Ciertamente, son muy pocas las personas que cultivan esta hermosa virtud: la veracidad, sinceridad y autenticidad; la coherencia entre lo que pensamos, lo que decimos y lo que hacemos. Hoy necesitamos hombres y mujeres que antepongan la verdad (y el bien común) a sus propios intereses (aunque sean legítimos), a su afán de éxito o prestigio, poder, dinero o placer. A veces, la verdad nos 'escuece', nos rompe los esquemas, nos interpela: «La verdad, querido hijo, no se acomoda a nosotros, sino que somos nosotros los que debemos acomodarnos a ella» (carta de M. Claudius a su hijo Juan). Pero es un camino en el que siempre encontramos la alegría: «Nunca creas en ninguna verdad que no lleve consigo, al menos, una alegría» (Nietzsche).

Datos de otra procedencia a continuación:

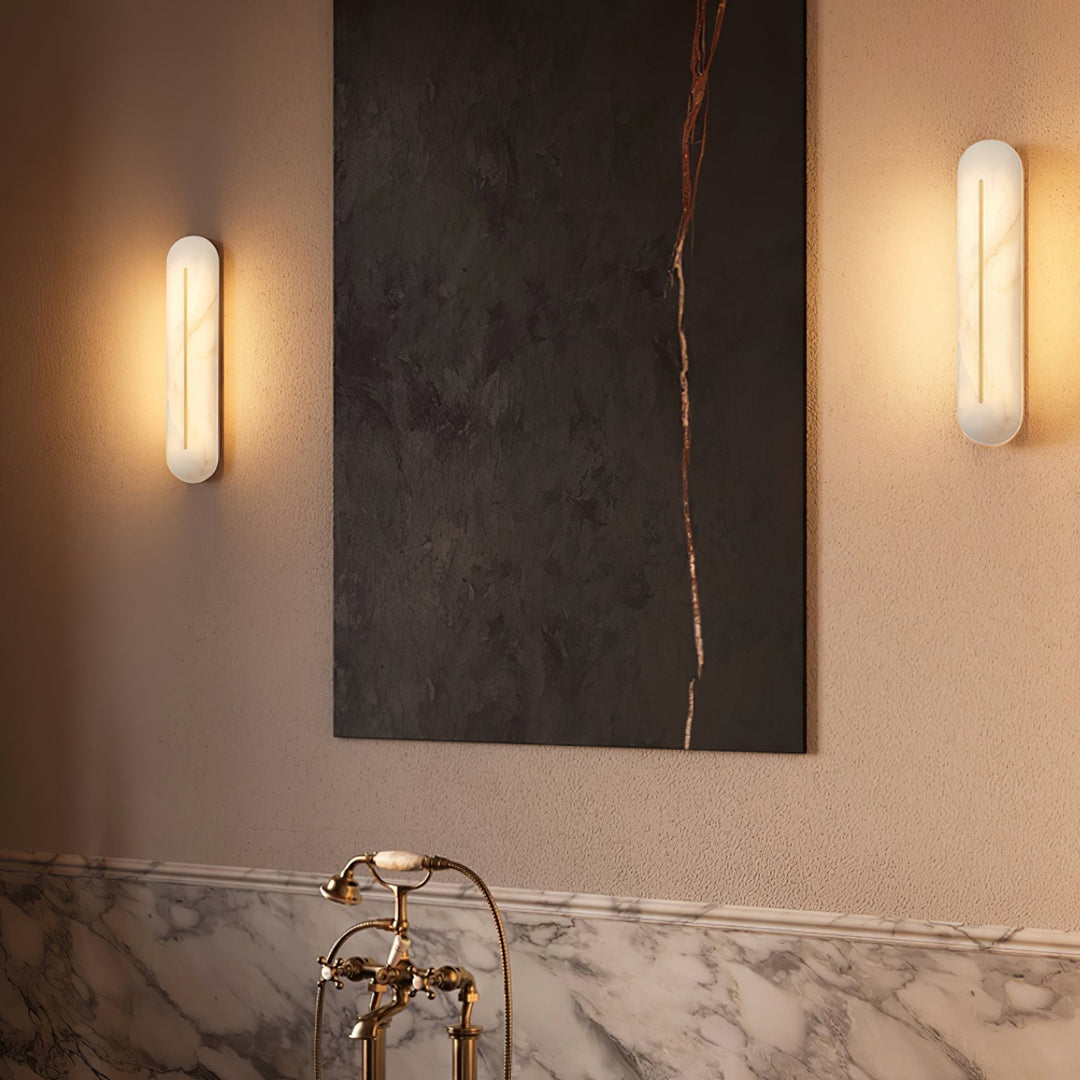Armaryra Applique Murale Oblongue en Albâtre - Neutralighting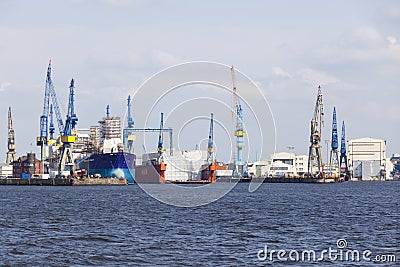 Blohm And Voss Dock, Hamburg, editorial Editorial Stock Photo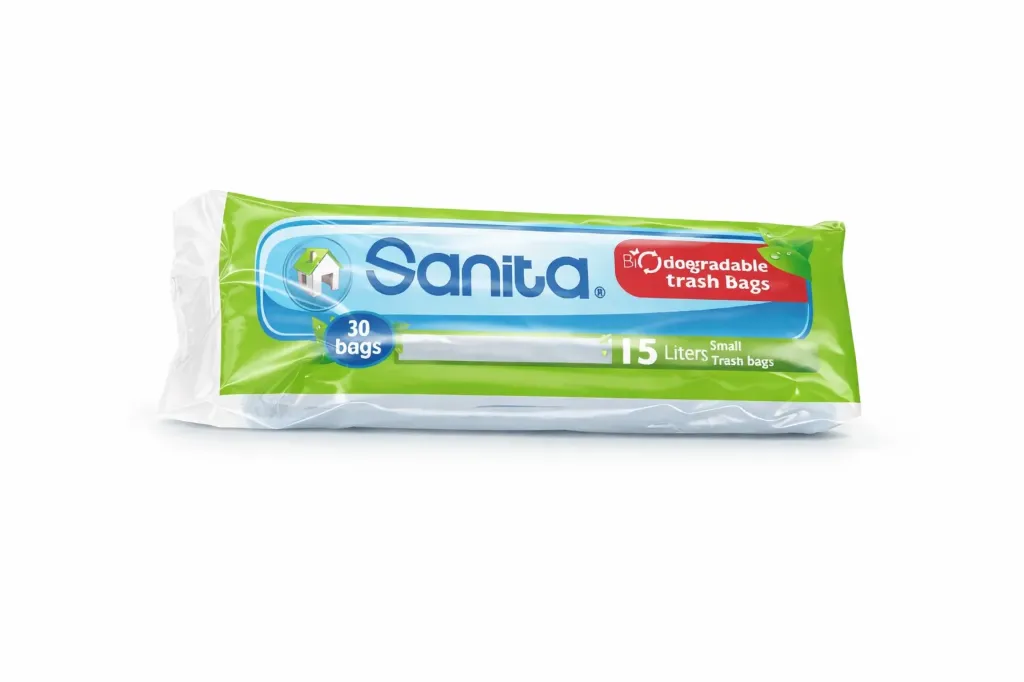 [10011174] Sanita قمامة كيس milky صغير *30 أكياس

Nuestra cultura (occidental) está muy marcada por dos actitudes ante 'el problema de la verdad': el escepticismo y el relativismo. El escepticismo sostiene que no hay verdad: no podemos estar seguros de nada, hemos de dudar de todo. El relativismo considera que toda verdad (y todo bien) es relativa: no hay verdades objetivas y permanentes (salvo, quizá, las científicas), ni valores o ideales que sean universalmente válidos: para todos los hombres de todas las culturas y épocas. Así lo expresaba el estribillo de una canción: «Depende, todo depende: según cómo se mire, todo depende». En realidad, como decía el teólogo alemán Ratzinger (Benedicto XVI), estamos sometidos a «la dictadura del relativismo», aunque nuestra sociedad sea abierta y nos parezca muy 'libre' y tolerante.

Una tarea urgente: recuperar el 'interés por la verdad', amarla, buscarla con ahínco, proponerla con convicción (la verdad se propone, no se impone) y ser fieles a ella, aun siendo muy conscientes de nuestras limitaciones, contradicciones y miserias personales.

Ahora bien, nadie puede estar en posesión de la verdad completa. La verdad no se busca en solitario, sino mediante el diálogo, en la convivencia cordial con todos: «¿Tu verdad? No, la verdad. / Y ven conmigo a buscarla. / La tuya, guárdatela» (Antonio Machado).